### What the task requires
For the data that follows, return each line unchanged and drop the pictures.

(Caption-style text data)
※ ※ ※

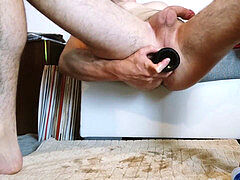 Gay sex, gay dildo, unexperienced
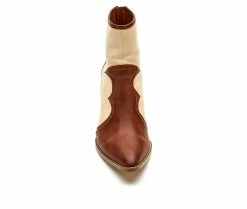 Best Pirce 🔔 Women's Coconuts By Matisse Marvin Western 🥾 Boots Saddle ⭐ -Journee shop 4 545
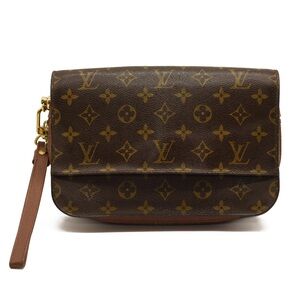 Auth LOUIS VUITTON Orsay Monogram Clutch/Wristlet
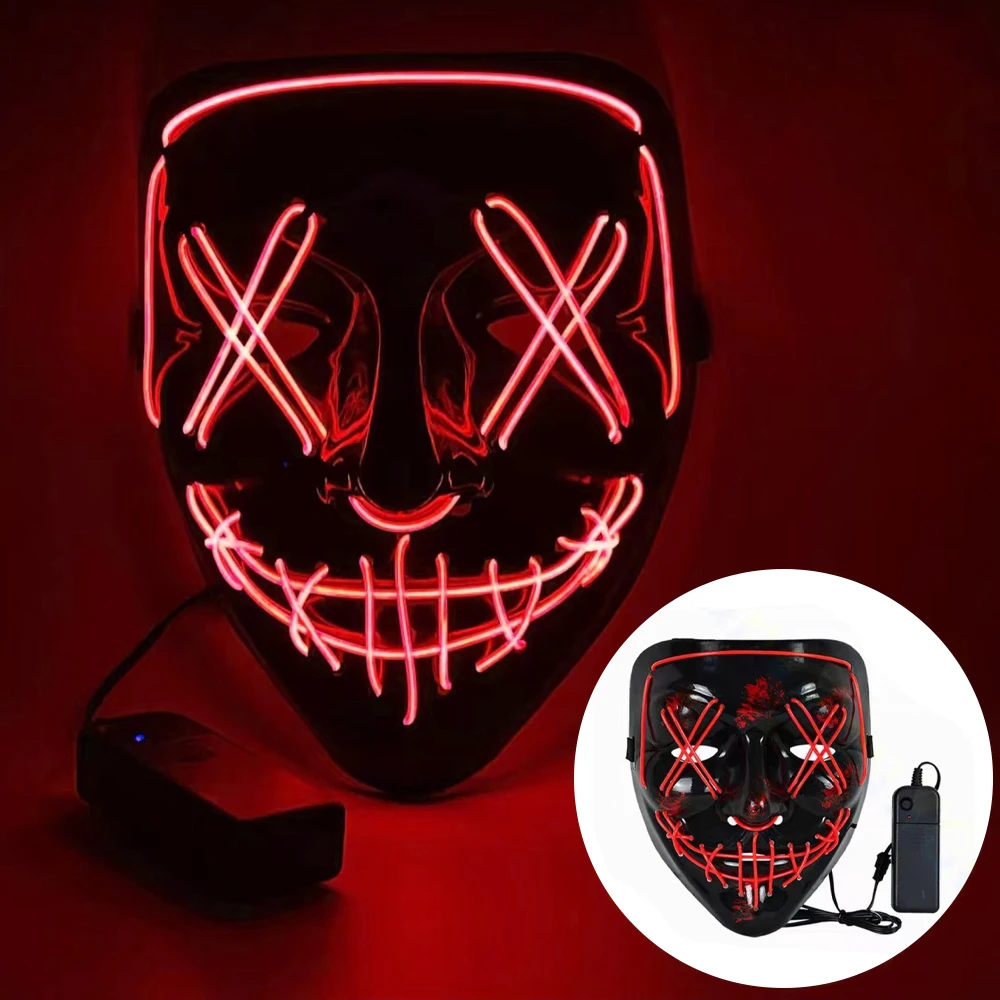 Adult Kids  Halloween Neon Led - Led Purge Mask Halloween recension och pris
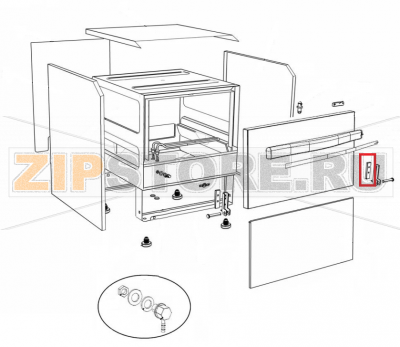 Rinforzo porta filettato Silanos S 021    Rinforzo porta filettato Silanos S 021Запчасть на сборочном чертеже под номером: 12Название запчасти на итальянском языке:&nbsp;Rinforzo porta filettato Silanos S 021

※ ※ ※

### Task response
 Gay sex, gay dildo, unexperienced
 Best Pirce 🔔 Women's Coconuts By Matisse Marvin Western 🥾 Boots Saddle ⭐ -Journee shop 4 545
 Auth LOUIS VUITTON Orsay Monogram Clutch/Wristlet
 Adult Kids  Halloween Neon Led - Led Purge Mask Halloween recension och pris
 Rinforzo porta filettato Silanos S 021    Rinforzo porta filettato Silanos S 021Запчасть на сборочном чертеже под номером: 12Название запчасти на итальянском языке:&nbsp;Rinforzo porta filettato Silanos S 021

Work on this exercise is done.